Jack White comes off much better here than in that terrible triple guitar summit movie (Guggenheim, 2008; q.v.). It may be the setting: geological St. John’s, elemental Yellowknife (!), vivid town squares and old folks’ homes and such. (There’s even a bowling alley, which comes off as kind of precious, but still a good try.) The combination of this primordial geography and the pretty, small-scaled humanity that grows out of it—Canada!—leads to a more seemly rooting of the rock star stuff.

So this is good: celebrity, geographical vastness, eternal expanses and the communities that form in the face thereof, everything balanced and in its proper place. Under the Great Northern Lights is actually, fascinatingly like the NFB’s 1951 Elizabethan curio, Royal Journey . (It’s here: http://bit.ly/1MAD1D4). That milestone’s kind of colonialist, ultimately fetching regality is here replaced by these two young Americans, trying to be famous and sort of decent at the same time.

Mind you the film does lose track of its cross-Canada conceit, so that we only get the setting, or the interaction, in a glancing way. The White Stripes are always so noisily front and centre that the peripheries that they were trying to get to stay peripheral. Not such a sin, probably; youth, and the filmmakers need to sell the film.

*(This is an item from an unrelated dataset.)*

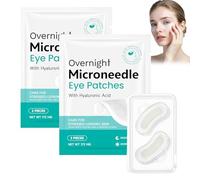 2 Paires Patch Micro Aiguilles Yeux Patchs Pour Les Yeux Aux Micro-Aiguilles Patchs Yeu-x Microneedles Anti-Âge Élimine Les Cernes Et Les Poches Sous Les Yeux Atténue Les Ridules Hydrate Intensément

Plus, the band is interesting, and comes off pretty well. Jack is always singing at the breaking point, where chest and head voices come into conflict. It makes for a ragged, vivid, vulnerable sound.  And that Meg! Still waters?  Earth mother? A cipher? Maybe she’s a plain gal who got caught up in something, and tried to do her best. Pretty cool drumming!

We also get some really clear, kind of uncomfortable illustrations of how the presence of the camera complicates and maybe invalidates things. We will now film Meg trying to take a nap. We will make Jack try to attend to his ex-wife (lots lying between those lines!), and to their various hosts, to the locals, and the camera crew, and the implied or anticipated or perceived audience, all at the same time! It’s the camera game—D.A. Pennebaker, in discussion with Alan Rosenthal, U of C Press 1972—like crazy. The very last sequence, in which Jack sits at the piano and plays, and Meg sits at the piano and cries, is actually kind of obscene. You can’t pretend that this is mere observational cinema. Jean Rouch (1961, etc., q.v.) had it right—either step up, establish what’s happening, interact and minister, or turn the damned camera off.